The roof and upper side doors will be coated with roughly 600 watts of 3"x6" scrap solar panels that will be encapsulated in the SuperSap CLR. The top section will run to one 20amp mppt charge controller and the two side sections will use 10 amp PWM cheapies. Those charge controllers will feed two 12 volt 60ah sealed gel cell Universal batteries in parallel. Those will feed a 600 watt pure sine inverter which will run two saw battery chargers, and my music gear. Lighting will be LED's run from the 12v house batteries.

Except for one front shock, I have all of the parts and tools I will need to build a pedalable, camp-able trike. The tools needed are a jigsaw, a drill, a dremel tool with circle cutter and router attachments, basic hand tools for the bike/quad stuff, a 5-way plastic trowel, and some mixing cups for the resin.

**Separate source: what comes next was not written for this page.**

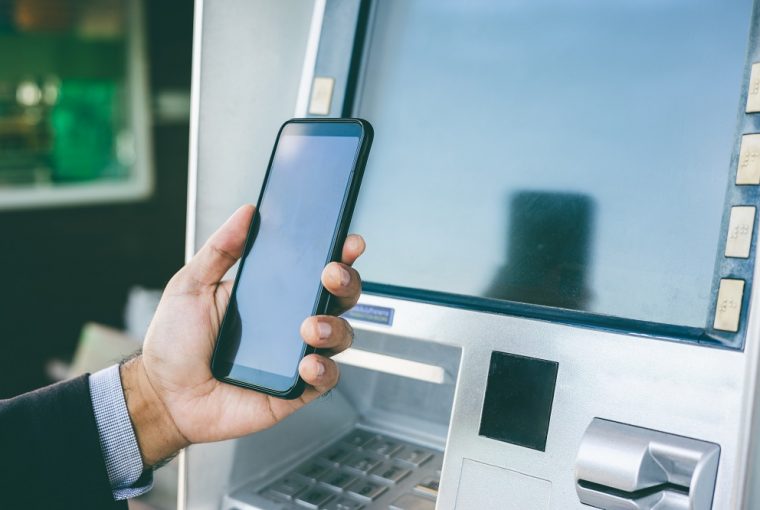 mão de homem com celular na mão na frente de um caixa eletrônico simulando o Passo a passo de como fazer o saque do FGTS pelo Pix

I'll have to do some machining at a local hackerspace to use the belt drives but trikes using bike chain will only need basic tools to construct.

With the plans and a good work ethic, a person should be able to build this in between 100-200 hours, maybe less.

I started this a couple of years ago and suffered many setbacks but I still have all of the parts. The main setback has been finding a shop to do the work in. Because my neck's so screwed up I can only work in short bursts so rental/borrowed shops just won't work. I've tried and my stuff gets moved around/lost by others when I'm having downtime. I bought a portable shop tent but it only lasted a few months before the AZ wind took it away. I'm really close to being able to buy a little scrap of land in the middle of nowhere and I was given an old bus to use as a shop.

The bus is only a mile from the land I'm looking at line of sight but I'm going to have to build a road to get it in there. Basically, if I can come up with about $4k, which I'm hoping to do soon by selling off parts for my other projects and a few rv's I've accumulated over the years, I can get setup again and build!

I hope that this inspires others to think outside the box(or house)!

Hopefully, I'll be able to start building again soon. I will post updates once I do!

Peace,
Ernesto

Sort:  

I just can't get the tag system to cooperate. This was supposed to go into #ebikes.

Sounds like a really awesome project! I'm interested to see how it's been going!